Swearing and frustration as Charles Bronson bids for freedom again

TalkTV's Oliver Whitfield-Miocic reports from the Royal Courts of Justice

It was just gone 10am in court 76 at the Royal Courts of Justice that one of Britain’s most notorious criminals appeared via a video link from HMP Woodhill.

Charles Bronson, with his distinctive moustache, bald head and dark sunglasses was sitting next to his lawyer.

Then the swearing started.

“Oh fuck it,” said Bronson, who now calls himself Charles Salvador, after he spilt a carton of orange juice.

Replying to the bemused chairman of the panel, he said: “Well I ain’t pissed myself,” as he stood up to wipe away the liquid.

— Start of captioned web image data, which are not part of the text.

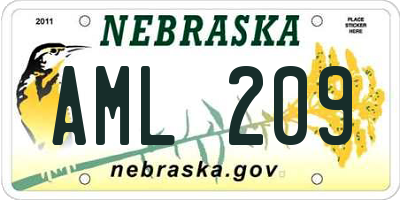 NE license plate AML209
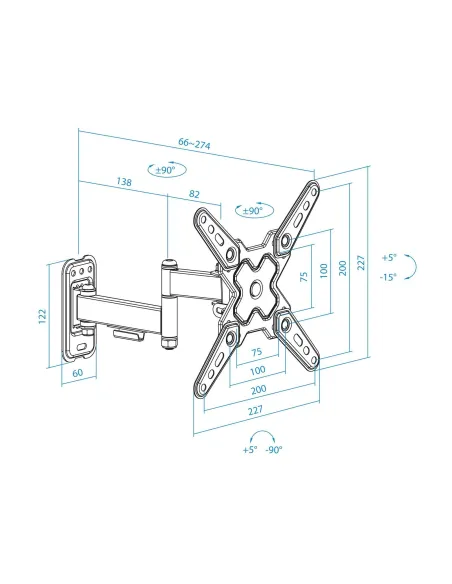 TooQ LP1344TN-B Soporte para Pared Inclinable y Giratorio 13"-43" Máx. 20Kg Negro
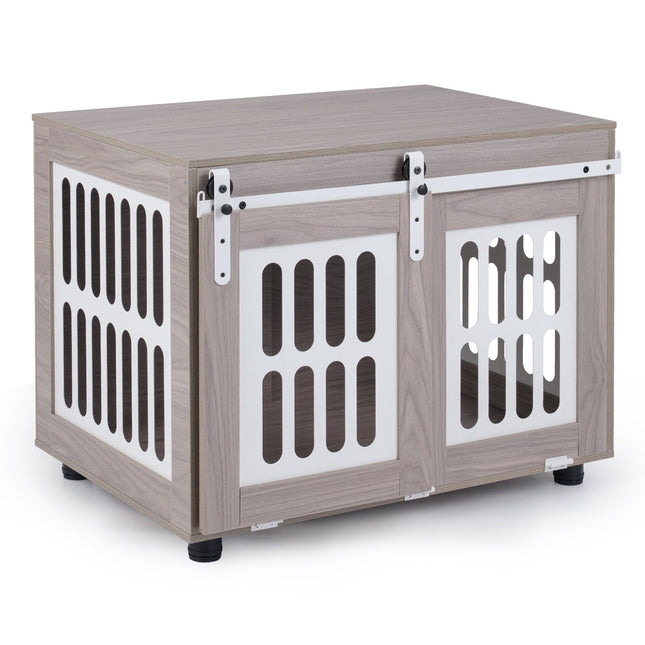 PAWROOM - Dog Crate with Lockable Sliding Door & Side Windows, Grey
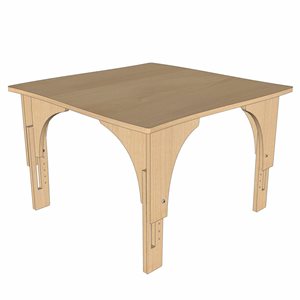 Natural Pod™ Reach - Table - Curved Sides - Adjustable Leg in Fusion Maple - 36 ''W x 36 ''D - Medium Legs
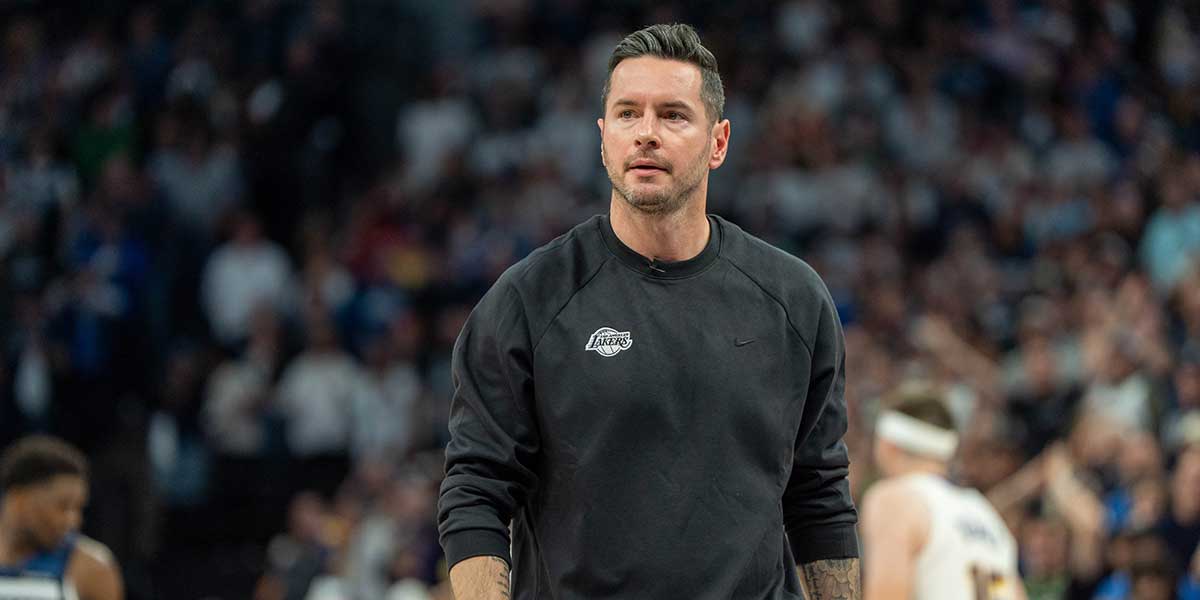 Los Angeles Lakers head coach JJ Redick reacts to his team losing the lead to the Minnesota Timberwolves late in the fourth quarter during game four of first round for the 2025 NBA Playoffs at Target Center.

Bronson's Prison Offender Manager was the first to address the panel but at one point struggled to respond to one of the questions. The 70-year-old criminal by his side, who has been locked away for decades quipped: "We'll be here all fucking day."

The prison staff member was subsequently asked if Bronson had tried to gamble on football through a third party. “We all love a bet Guv, come on,” came Bronson's response.

We then got an insight into what life has been like inside prison. Bronson is kept in his cell for 23 hours every day due to “staff shortages” but is offered one hour of daily exercise.

Bronson has turned his hand to art and sells his works online. The prison provides his art materials and he likes listening to the radio.

He sometimes replies to letters he receives but doesn’t always have time to respond: “Bloody hell, I can’t reply to all of them,” he said.

The panel heard he has been incarcerated almost continuously for 48 year after he was arrested in 1974 for armed robbery. He has remained in various prisons after repeated offences whilst behind bars.

In 1994 he had seven years added for false imprisonment, then five years added in 1997 after taking four people hostage. In 2014 he assaulted a prison governor.

This is the eighth time he has applied for parole. Until recently, parole hearings were held behind closed doors, so this is only the second time a hearing has been held in public in the UK.

Bronson wants the panel to grant him freedom or to move him to a more open prison. Evidence will be heard today and on Wednesday before a closed session on Friday. A decision will be made in three weeks.

Speaking on a podcast in 2021, Bronson said he wants to live in a six-berth caravan near the sea and do charity work if he is released.

If he can control his temper, and his language, this parole hearing could be his best shot yet, but the freedom he is longing for is by no means guaranteed.